Exercise objective -
In the material below, the lines between the one holding "Sz 1X Photo 2" and the one holding "Keeppley: Build &", inclusive, are to be set down word for word. Pictures stay out.

The input -
::::::::::

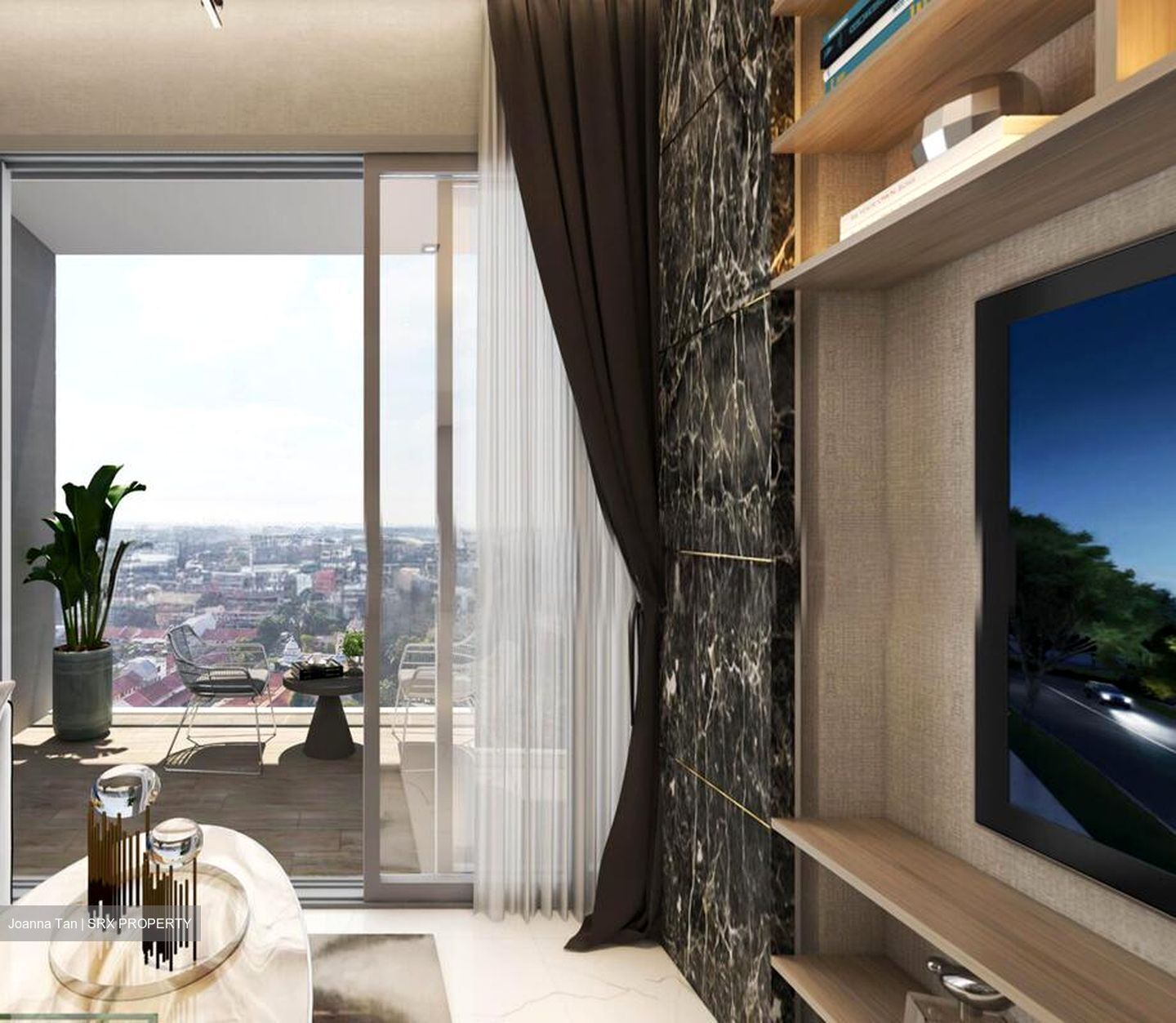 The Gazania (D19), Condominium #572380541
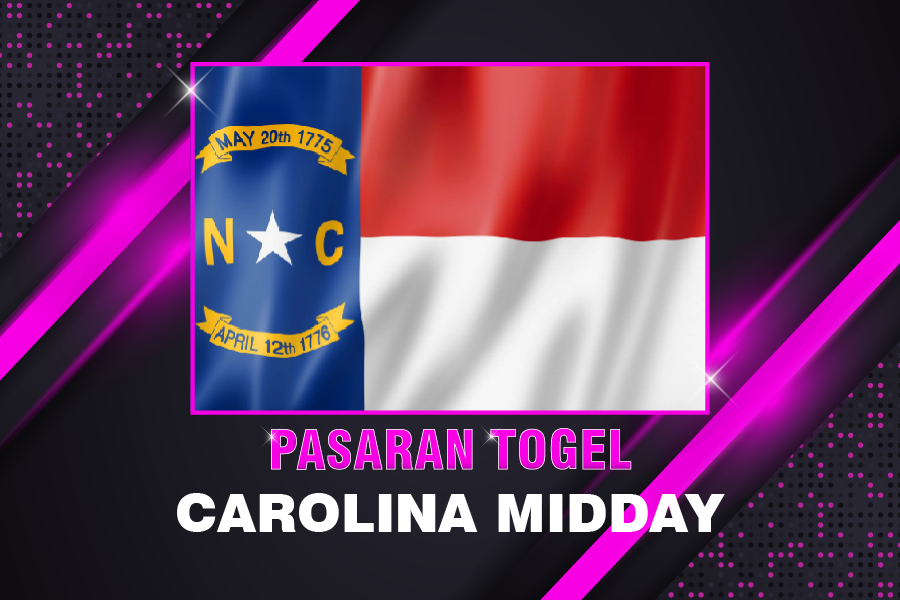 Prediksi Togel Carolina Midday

::::::::::

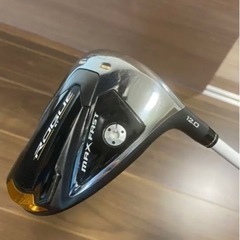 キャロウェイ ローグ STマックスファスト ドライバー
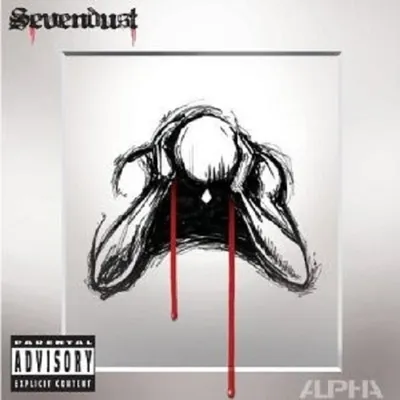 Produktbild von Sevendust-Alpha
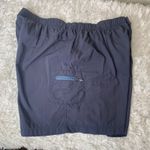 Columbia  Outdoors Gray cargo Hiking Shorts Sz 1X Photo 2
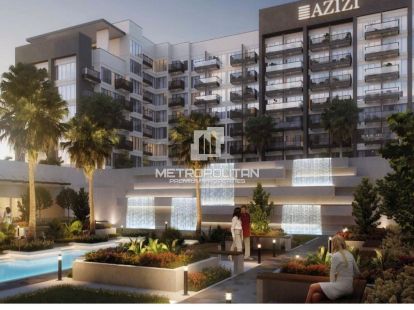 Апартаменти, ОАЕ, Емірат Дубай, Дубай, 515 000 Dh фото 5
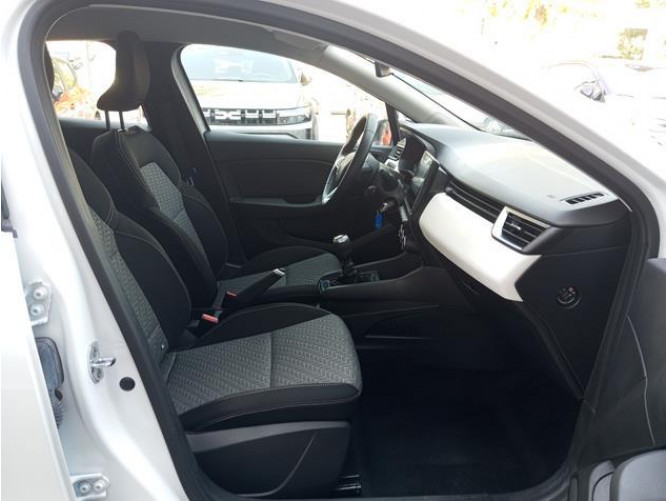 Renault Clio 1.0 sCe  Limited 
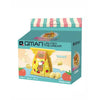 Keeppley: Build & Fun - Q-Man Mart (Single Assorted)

::::::::::

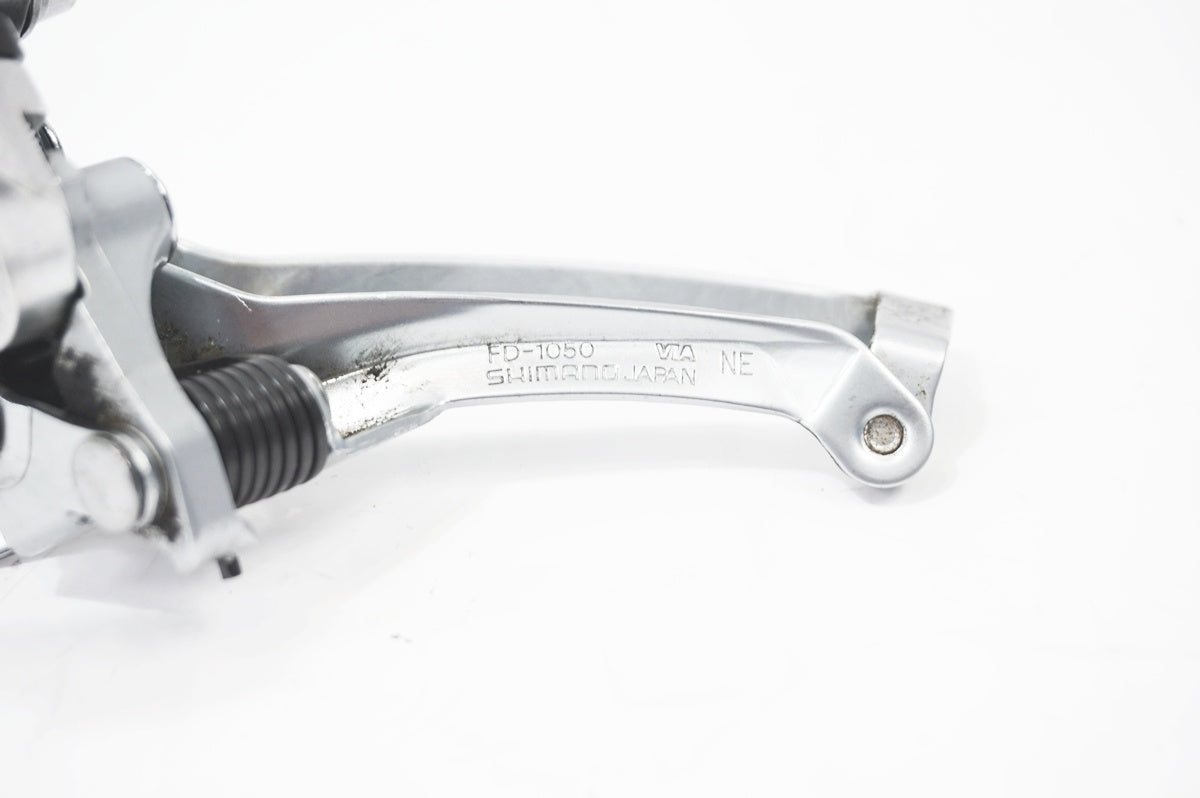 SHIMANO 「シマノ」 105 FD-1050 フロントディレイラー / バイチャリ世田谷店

::::::::::

Result -
 Columbia  Outdoors Gray cargo Hiking Shorts Sz 1X Photo 2
 Апартаменти, ОАЕ, Емірат Дубай, Дубай, 515 000 Dh фото 5
 Renault Clio 1.0 sCe  Limited 
 Keeppley: Build & Fun - Q-Man Mart (Single Assorted)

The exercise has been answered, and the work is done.